A medicina socializada, a educação universal gratuita e obrigatória, a previdência social, o seguro-desemprego, os subsídios para transporte, os benefícios familiares (quotas para auxilio-habitação, salário família) e, no extremo desse espectro, subsídios para o lazer, favorecendo desde as classes médias até o assalariado de nível mais baixo, são seus exemplos. A descrição das diversas formas de financiamento para a acumulação de capital seria muito mais longa: inclui desde recursos para ciência e tecnologia, passa pelos diversos subsídios para a produção, sustentando a competitividade das exportações, vai através dos juros subsidiados para setores de ponta, toma muitos países a forma de vastos e poderosos setores estatais produtivos, cristaliza-se numa ampla militarização (as indústrias e os gastos em armamentos), sustenta a agricultura (OLIVEIRA, 1988, p. 8).

10Apesar do Estado nos países ocidentais ter se colocado como mediador da luta de classes e muitas vezes ser enxergado – de forma míope – como um ente extremamente comprometido com a aplicação da legislação social, como um Robin Hood que tira do capital para dar ao trabalho, as políticas keynesianas e a criação do Welfare State nos países da Europa Ocidental tinham a finalidade estratégica de promover o crescimento econômico, amenizar e conciliar o embate de classes e, principalmente, promover a reprodução do modo de produção capitalista.
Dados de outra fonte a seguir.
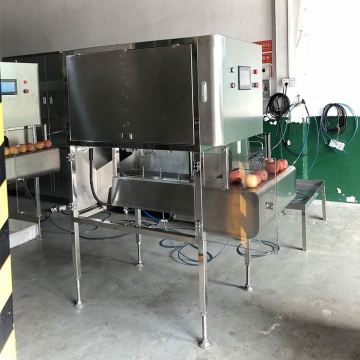 High Speed 1000 Pcs/Min Fruit Peeler Machine for Sale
Para tanto, a alternativa encontrada foi estabelecer além do crescimento na esfera da produção, sua realização na esfera da circulação, isto é, aumentar a necessidade de consumo; possibilitar tempo – lazer – para as pessoas consumirem.
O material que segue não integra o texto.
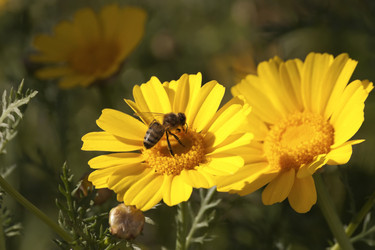 Similar image 6049498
11Segundo Pochmann (2004), as três décadas que sucedem o final da Segunda Guerra mundial (1945-1973) são compreendidas como período de maior glória do capitalismo, pois neste período os países do capitalismo central vivenciaram, além dos ganhos sociais, estabilidade econômica: crescimento com baixo desemprego, aumento da capacidade industrial estimulado fundamentalmente por investimentos públicos, elevação do padrão de vida da população, etc. Estes fatores consagram tal período como os “anos de ouro do capitalismo”.

12Por outro lado, as nações que compõem a periferia do capitalismo não vivenciaram os avanços na proteção social e trabalhista como o centro. Pode-se dizer, tomando o Brasil como exemplo, que houve crescimento econômico pujante, entretanto, não ocorreu diminuição considerável da desigualdade social, da pobreza, expansão da legislação trabalhista, etc. Ou seja, não ocorreu a combinação de estabilidade e crescimento econômico com ampliação de direitos, como na experiência de países ocidentais (POCHMANN, 2004). Além disso, o crescimento via industrialização ocorreu mediante a instalação de empresas estrangeiras monopolistas na periferia do capitalismo, onde encontravam possibilidade de instalar o capital excedente, e dessa forma aumentar a extração de mais-valor, haja visto os mecanismos de superexploração da força de trabalho, abundância de matérias primas e parca legislação trabalhista.

13O sucesso do Estado de bem-estar social, sustentado durante quase trinta anos entra na década de 1970 apresentando fortes limites e obstáculos para sua manutenção. Muitos argumentos e hipóteses são elencadas sobre este período, o que torna sua análise ampla, complexa e dispare dependendo da lupa utilizada. No entanto, alguns fatos relevantes permitem a compreensão do momento: primeiro, durante os vinte anos subsequentes da Segunda Guerra Mundial, os Estados Unidos reforçaram sua hegemonia monetária e financeira, sendo financiador da reconstrução da Europa e do Japão, bem como, em menor medida, dos processos de industrialização da América Latina, fato este que possibilitou ganhos substanciais à economia estadunidense. A recuperação destes países e a expansão do mercado mundial abriu espaço para que outras nações iniciassem uma disputa econômica, tecnológica e organizacional, e reduzissem a dominação econômica dos Estados Unidos de forma a colocar em xeque o poder de ouro do dólar (BELLUZZO, 1995; BRENNER, 2013). Acrescenta-se, ainda por estes motivos, os recorrentes déficits no balanço de pagamentos dos EUA. Desse modo, a perda de supremacia dos Estado Unidos e as pressões de oferta de dólar que causavam déficits comerciais fizeram com que em 1971 o presidente Richard Nixon abandonasse a convertibilidade do dólar em ouro, procedendo, por conseguinte, uma grande desvalorização cambial seguida, imediatamente, pelo “restante” do mundo, entrando numa nova era de desvalorizações cambiais competitivas. Isto conferiu aos EUA uma evidente vantagem fiscal e promoveu uma grande elevação dos preços em dólares dos insumos industriais. A quebra de conversibilidade marca o fim do acordo de Bretton Woods.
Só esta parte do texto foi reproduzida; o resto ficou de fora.